# [Prompt]
Go through the material under this sentence. Return every line holding "Display".

[Input data]

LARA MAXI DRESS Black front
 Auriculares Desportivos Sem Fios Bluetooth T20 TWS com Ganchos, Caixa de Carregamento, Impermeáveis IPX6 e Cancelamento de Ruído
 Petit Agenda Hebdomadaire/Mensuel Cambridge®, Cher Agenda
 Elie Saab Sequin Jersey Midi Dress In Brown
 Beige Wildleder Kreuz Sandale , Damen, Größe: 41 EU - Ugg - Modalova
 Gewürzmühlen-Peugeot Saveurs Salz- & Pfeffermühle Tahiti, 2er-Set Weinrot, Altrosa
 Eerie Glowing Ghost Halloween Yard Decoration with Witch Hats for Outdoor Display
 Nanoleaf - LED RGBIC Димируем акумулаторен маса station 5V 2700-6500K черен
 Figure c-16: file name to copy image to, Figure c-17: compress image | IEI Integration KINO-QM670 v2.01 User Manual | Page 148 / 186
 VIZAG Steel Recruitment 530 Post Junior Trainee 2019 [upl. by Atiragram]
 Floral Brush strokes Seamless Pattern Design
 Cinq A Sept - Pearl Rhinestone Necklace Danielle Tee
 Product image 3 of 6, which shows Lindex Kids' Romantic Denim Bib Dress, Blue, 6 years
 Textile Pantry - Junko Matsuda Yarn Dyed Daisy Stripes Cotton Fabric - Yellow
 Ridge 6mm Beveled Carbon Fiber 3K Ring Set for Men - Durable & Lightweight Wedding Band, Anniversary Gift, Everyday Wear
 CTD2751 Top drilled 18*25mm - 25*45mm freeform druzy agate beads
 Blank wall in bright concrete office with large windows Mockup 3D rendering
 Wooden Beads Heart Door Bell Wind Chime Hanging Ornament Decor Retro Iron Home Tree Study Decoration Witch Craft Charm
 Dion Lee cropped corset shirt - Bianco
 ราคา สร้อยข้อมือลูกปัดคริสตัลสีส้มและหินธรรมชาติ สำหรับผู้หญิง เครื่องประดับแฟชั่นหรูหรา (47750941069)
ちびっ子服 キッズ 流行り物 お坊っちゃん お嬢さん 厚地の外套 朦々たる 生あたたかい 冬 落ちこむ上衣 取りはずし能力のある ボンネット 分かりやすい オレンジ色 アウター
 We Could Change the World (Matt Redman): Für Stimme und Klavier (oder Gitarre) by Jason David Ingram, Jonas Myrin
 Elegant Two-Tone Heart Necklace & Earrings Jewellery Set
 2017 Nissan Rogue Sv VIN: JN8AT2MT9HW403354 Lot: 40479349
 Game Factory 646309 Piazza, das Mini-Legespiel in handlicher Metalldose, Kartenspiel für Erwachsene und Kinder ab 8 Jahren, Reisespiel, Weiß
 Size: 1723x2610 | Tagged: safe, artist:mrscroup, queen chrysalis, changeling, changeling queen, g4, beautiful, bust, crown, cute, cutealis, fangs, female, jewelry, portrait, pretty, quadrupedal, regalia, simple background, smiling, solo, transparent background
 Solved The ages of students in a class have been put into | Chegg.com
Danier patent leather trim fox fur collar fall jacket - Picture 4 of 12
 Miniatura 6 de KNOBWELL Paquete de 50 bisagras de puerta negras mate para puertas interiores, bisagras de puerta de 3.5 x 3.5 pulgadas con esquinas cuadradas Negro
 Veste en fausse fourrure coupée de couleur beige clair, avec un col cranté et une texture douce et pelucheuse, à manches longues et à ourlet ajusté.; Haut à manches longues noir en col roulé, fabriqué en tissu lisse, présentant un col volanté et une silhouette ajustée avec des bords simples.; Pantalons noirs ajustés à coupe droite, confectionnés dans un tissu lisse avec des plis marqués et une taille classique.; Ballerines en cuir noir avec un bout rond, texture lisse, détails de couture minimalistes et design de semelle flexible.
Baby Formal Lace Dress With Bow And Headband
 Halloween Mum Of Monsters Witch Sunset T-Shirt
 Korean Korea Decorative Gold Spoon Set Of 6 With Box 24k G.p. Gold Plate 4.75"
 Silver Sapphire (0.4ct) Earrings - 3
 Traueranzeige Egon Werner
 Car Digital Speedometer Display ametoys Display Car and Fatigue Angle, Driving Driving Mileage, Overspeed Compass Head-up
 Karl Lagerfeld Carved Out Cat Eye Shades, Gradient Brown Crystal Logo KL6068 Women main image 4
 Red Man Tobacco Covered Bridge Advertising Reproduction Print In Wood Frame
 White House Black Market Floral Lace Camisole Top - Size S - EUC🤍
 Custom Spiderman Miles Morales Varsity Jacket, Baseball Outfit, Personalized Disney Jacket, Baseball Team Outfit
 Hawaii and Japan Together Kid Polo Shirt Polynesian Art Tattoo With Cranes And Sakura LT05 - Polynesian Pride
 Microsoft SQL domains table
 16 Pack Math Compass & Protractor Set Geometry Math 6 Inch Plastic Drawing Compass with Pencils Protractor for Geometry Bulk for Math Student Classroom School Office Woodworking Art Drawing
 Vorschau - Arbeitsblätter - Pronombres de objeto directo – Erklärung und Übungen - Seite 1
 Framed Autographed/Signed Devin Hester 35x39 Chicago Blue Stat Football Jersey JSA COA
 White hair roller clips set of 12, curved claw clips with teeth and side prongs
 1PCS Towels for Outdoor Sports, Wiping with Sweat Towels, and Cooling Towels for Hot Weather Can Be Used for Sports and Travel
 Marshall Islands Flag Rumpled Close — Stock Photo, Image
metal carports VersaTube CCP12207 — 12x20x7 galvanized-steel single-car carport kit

[/Input data]

# [Finished task]
 Eerie Glowing Ghost Halloween Yard Decoration with Witch Hats for Outdoor Display
 Car Digital Speedometer Display ametoys Display Car and Fatigue Angle, Driving Driving Mileage, Overspeed Compass Head-up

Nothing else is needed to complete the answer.